Note that extreme case sampling is a kind of “double sampling” procedure. First, we have some database that may be an entire population but more often is sampled from some population. Then we sample from this sample by assigning scores to each subject in this population based on our predictor variable and we select some number of extreme cases for our study. The number of cases selected for the study is discussed in item #3 below.

2. The relationship of the predictor variable and outcome variable is continuously increasing or decreasing.

3. The number of extreme cases that are selected to analyze should be at least three. In many cases the hypothesized relationship can be rejected after analyzing only the three most extreme cases. For example, we find that the three most extreme Aries individuals do not exhibit independence in any identifiable way more than other people. We then reject the astrological hypothesis or change the astrological hypothesis to fit the findings. We might, for example, propose that the independent quality is so subtle, psychological or internal that only a psychological test or interviews can reveal it. Such alternative explanations tremendously erode the original hypothesis. The researcher should set a cut off point for how much data will be analyzed before analyzing the data! Otherwise there is a temptation to cut off after some number of data that fits the hypothesis. The researcher should set the number to at least three. The primary determinant of the cut off point is the time and energy that the researcher is willing to commit to the study. In the given scenario where biographies of the famous people need to be studied and sometimes works that they produced analyzed, a researcher with a limited amount of time may wish to study only the top three cases. Studying more than the top 5% (25 in the case of 5,000 data) is not advised because the greater the number of data analyzed, the less extreme some of this data is.
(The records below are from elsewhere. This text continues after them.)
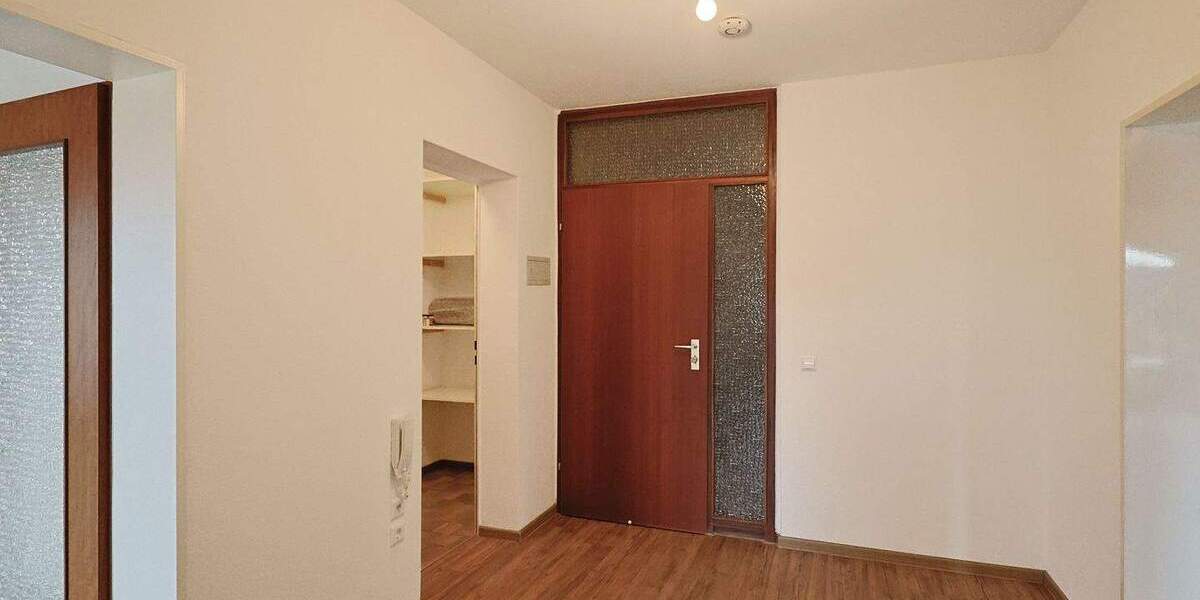 Etagenwohnung Weissach - 3 Zimmer, 95 m&sup2;, 1.100&euro; | Angebot:25468289
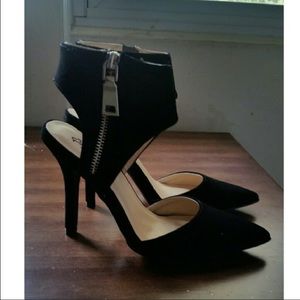 Black heels!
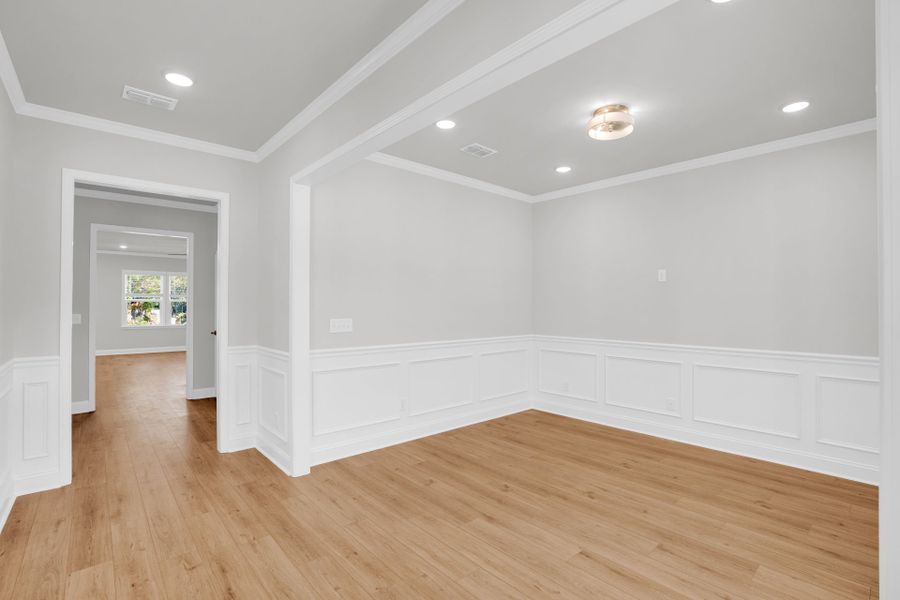 Spacious, unfurnished interior of a new home in Oakleaf Chase, Blythewood (Image 39).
4. The outcome variable may be difficult to assess. Whether a person is independent or not is difficult to determine. In what ways is the person independent? One of the great benefits of extreme case sampling is that we are able to refine and make much clearer what the outcome is! Extreme case sampling assists us in developing a viable model. In my personal experience conducting dozens of extreme case sampling studies, the typical finding is that a more clearly defined outcome variable emerges from the study. The predictor variable is already clearly defined and now the outcome variable becomes much more clearly defined as well. Future studies and anecdotal evidence are much easier to evaluate because we have a much more clearly defined outcome variable rather than an outcome variable that is very general and ambiguous. Extreme case sampling provides an enormous step towards narrowing the scope of possibilities so that future studies can determine whether the scope narrows down to a clear relationship or to the discovery that there is no relationshp of the variables and therefore the hypothesis can be rejected.

5. There may be various outcome variables that are explored. Extreme case sampling is an exploratory research method that helps us determine what models are viable. We have a choice of whether we want our research to entertain a wide range of possible outcomes and be much more exploratory in nature of whether we have a more specific outcome that we expect. By focusing on a more specific outcome we move more quickly to a confirmation of our hypothesis but we miss the opportunity to notice outcomes that may be a bit different from what we expected. Do we expect Aries to incline towards self-employment, strong personal opinions, aggresssiveness, or any of the above? The wider the net so to speak, the more likely we are to find some relationship but the weaker is our confirmation of a relationship. Regardless of how wide the net is, extreme case sampling enables us to draw much more reliable conclusions about what kinds of relationships may exist between the variables, if any, than through anecdotal evidence gained through convenience sampling. Unlike anecdotal evidence, extreme case sampling also helps develop a body of literature that future researchers can build from.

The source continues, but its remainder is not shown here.